Inadequate Answer 2 (Forest W. Simmons, January 2007): MCA satisfies both conditions (clone free and avoidance of favorite betrayal). Method: It uses range-style ballots, but it elects the candidate with the greatest median rating. If there are several candidates tied for greatest median rating, it elects the one with the greatest number of ballots that rate it at that level or above.

Response by WDS: This is in my view merely another "range-voting variant" and hence not a solution to the puzzle. Indeed, range voting but where you a candidate's score is the mean of his score's but with the top X% and the bottom Y% of his scores excluded also qualifies for any X,Y with X≥0, Y≥0, X+Y≤100; and so does any positive linear combination of the above infinity of systems.

Inadequate Answer 3 (Forest W. Simmons, January 2007): In that case, a better contender for the title of "solution" would be "ER-Bucklin (whole)" based on rank-order ballots with equal-rankings allowed. The rules of this system are as follows (basically copied from electorama):

First choice votes are first counted. If the candidate with the most votes has a majority, that candidate wins. (A "majority" is defined as half the number of voters, or more, i.e. ≥V/2.) Otherwise the second choices are added to the first choices. Again, if the candidate with the most votes has a number ≥V/2, he wins. We continue on with more rounds until a majority-winner exists – in the kth round we add on the kth-choice votes of all voters. (If after all rounds finish there still is no winner, then the candidate with the most votes wins; but this issue cannot arise if ballot truncation is not allowed.)

About rank-equalities on ballots: If a ballot lists n candidates as tied in kth place, count that ballot as a whole point for all n candidates beginning in the kth round.

Here a candidate is "ranked in kth place" on a given ballot if there are k-1 candidates who are ranked strictly higher. For example, a ballot marked A>B=C=D>E>F=G=H=I>J should be considered to rank A to in 1st place, B, C, and D in 2nd place, E in 5th place, F, G, H, and I in 6th place, and J in 10th place. Thus, the ballot would not count in favor of E until the 5th round, and it would not count in favor of J until the 10th round.
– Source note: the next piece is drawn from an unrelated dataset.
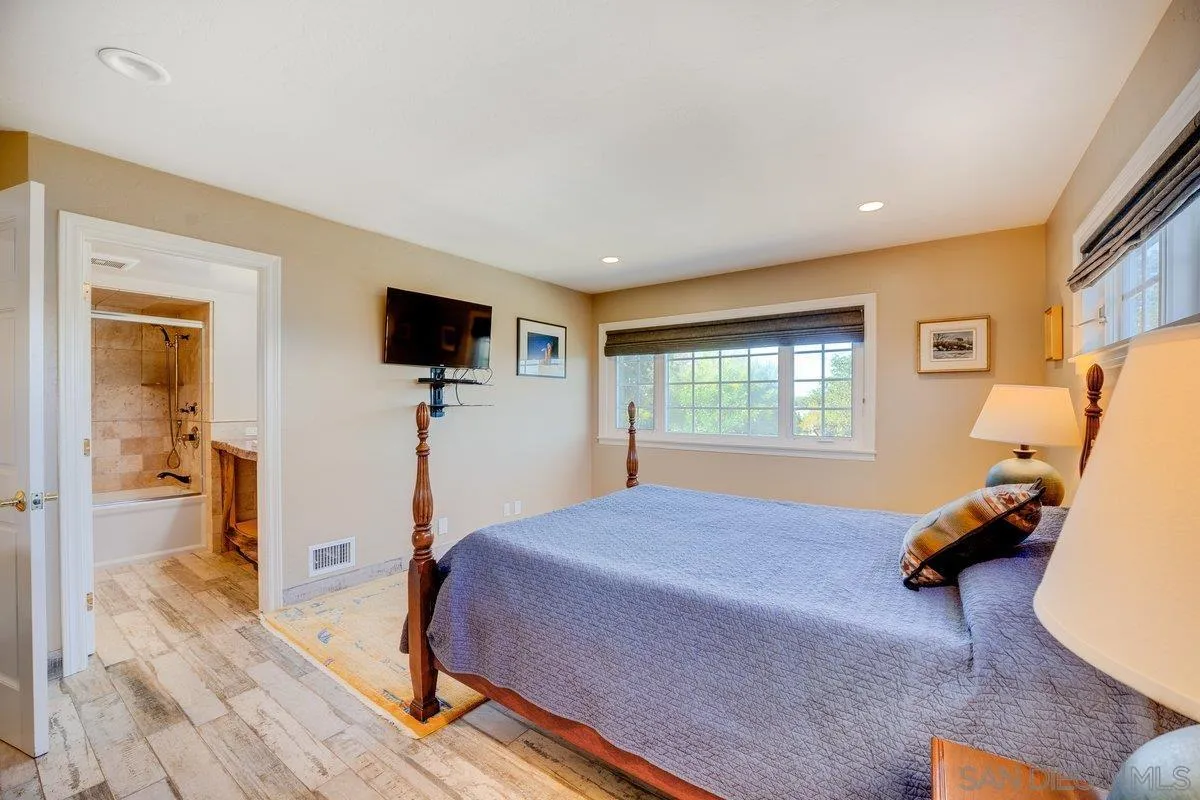 1 Rollingview Lane Fallbrook, CA 92028 - Photo 37 of 74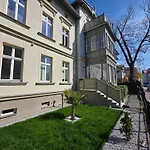 Sopot Special Apartments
Response by WDS: That answer does not work because ER-Bucklin(whole) is not clone-immune. It is clone immune if all cones are required to the rated equal, but both the problem and the usual definition of cloned immunity require it to work if there are "slight preferences" among the clones.

Another comment: And the question remains open for voting systems based on strict (equality-forbidding) rank-order ballots.